Marc-Aurèle, bronze, Italie / Photo : © RMN-Grand Palais (Musée du Louvre), Stéphane Maréchalle

Alors que nous n’étions qu’au tout début de l’étrange épisode du confinement, un philosophe avait prescrit la lecture du stoïcien Marc Aurèle comme remède à nos inquiétudes. Selon lui, la raison et la lucidité seraient nos meilleures alliées pour exorciser nos angoisses et neutraliser nos inévitables coups de déprime. On peinerait à le contredire complètement. Pourtant, on aurait pu lui faire remarquer que l’imaginaire et l’illusion sont peut-être plus vitaux encore pour traverser les péripéties de l’existence.
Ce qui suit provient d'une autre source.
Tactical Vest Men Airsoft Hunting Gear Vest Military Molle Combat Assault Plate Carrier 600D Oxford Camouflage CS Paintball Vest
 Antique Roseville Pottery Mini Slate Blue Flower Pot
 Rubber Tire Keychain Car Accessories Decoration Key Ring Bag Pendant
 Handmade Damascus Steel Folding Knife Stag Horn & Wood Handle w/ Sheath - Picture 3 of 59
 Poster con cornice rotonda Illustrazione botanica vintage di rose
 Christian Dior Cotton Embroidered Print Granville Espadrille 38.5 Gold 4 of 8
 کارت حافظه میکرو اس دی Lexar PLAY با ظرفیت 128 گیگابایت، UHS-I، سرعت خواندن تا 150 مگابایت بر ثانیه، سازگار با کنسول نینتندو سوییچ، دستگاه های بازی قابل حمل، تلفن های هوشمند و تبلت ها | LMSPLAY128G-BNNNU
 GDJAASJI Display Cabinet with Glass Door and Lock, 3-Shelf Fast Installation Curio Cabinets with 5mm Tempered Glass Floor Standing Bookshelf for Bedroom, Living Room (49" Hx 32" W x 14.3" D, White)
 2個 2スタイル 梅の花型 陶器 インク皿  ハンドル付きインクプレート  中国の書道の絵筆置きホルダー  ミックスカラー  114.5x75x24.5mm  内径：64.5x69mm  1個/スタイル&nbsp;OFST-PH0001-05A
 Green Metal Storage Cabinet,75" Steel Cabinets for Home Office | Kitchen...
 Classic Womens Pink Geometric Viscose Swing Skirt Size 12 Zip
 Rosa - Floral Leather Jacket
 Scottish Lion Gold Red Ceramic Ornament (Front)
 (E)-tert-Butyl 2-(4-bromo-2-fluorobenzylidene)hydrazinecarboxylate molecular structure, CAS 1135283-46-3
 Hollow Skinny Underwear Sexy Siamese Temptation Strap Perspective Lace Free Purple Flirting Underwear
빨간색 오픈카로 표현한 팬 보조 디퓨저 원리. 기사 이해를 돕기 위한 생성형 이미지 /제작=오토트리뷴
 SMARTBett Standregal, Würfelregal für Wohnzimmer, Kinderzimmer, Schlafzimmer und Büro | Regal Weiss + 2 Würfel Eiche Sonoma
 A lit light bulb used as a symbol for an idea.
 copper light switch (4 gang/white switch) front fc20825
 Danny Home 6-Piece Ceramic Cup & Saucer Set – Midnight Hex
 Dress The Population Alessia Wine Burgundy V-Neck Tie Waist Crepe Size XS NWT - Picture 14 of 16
Comment aurions-nous pu supporter notre pesante oisiveté forcée sans le recours à la fiction, aux rêves éveillés que nous procurent les romans, les films et bien sûr la musique, sans laquelle la vie ne serait qu’une erreur et un exil, selon la célèbre formule de Nietzsche ? Dans les moments difficiles, il m’a toujours semblé que l’écoute d’une bonne chanson pop était d’un secours bien plus efficace que n’importe quel précepte de sagesse antique. Continuer « Le club du samedi soir # 7 : Dreams Never End »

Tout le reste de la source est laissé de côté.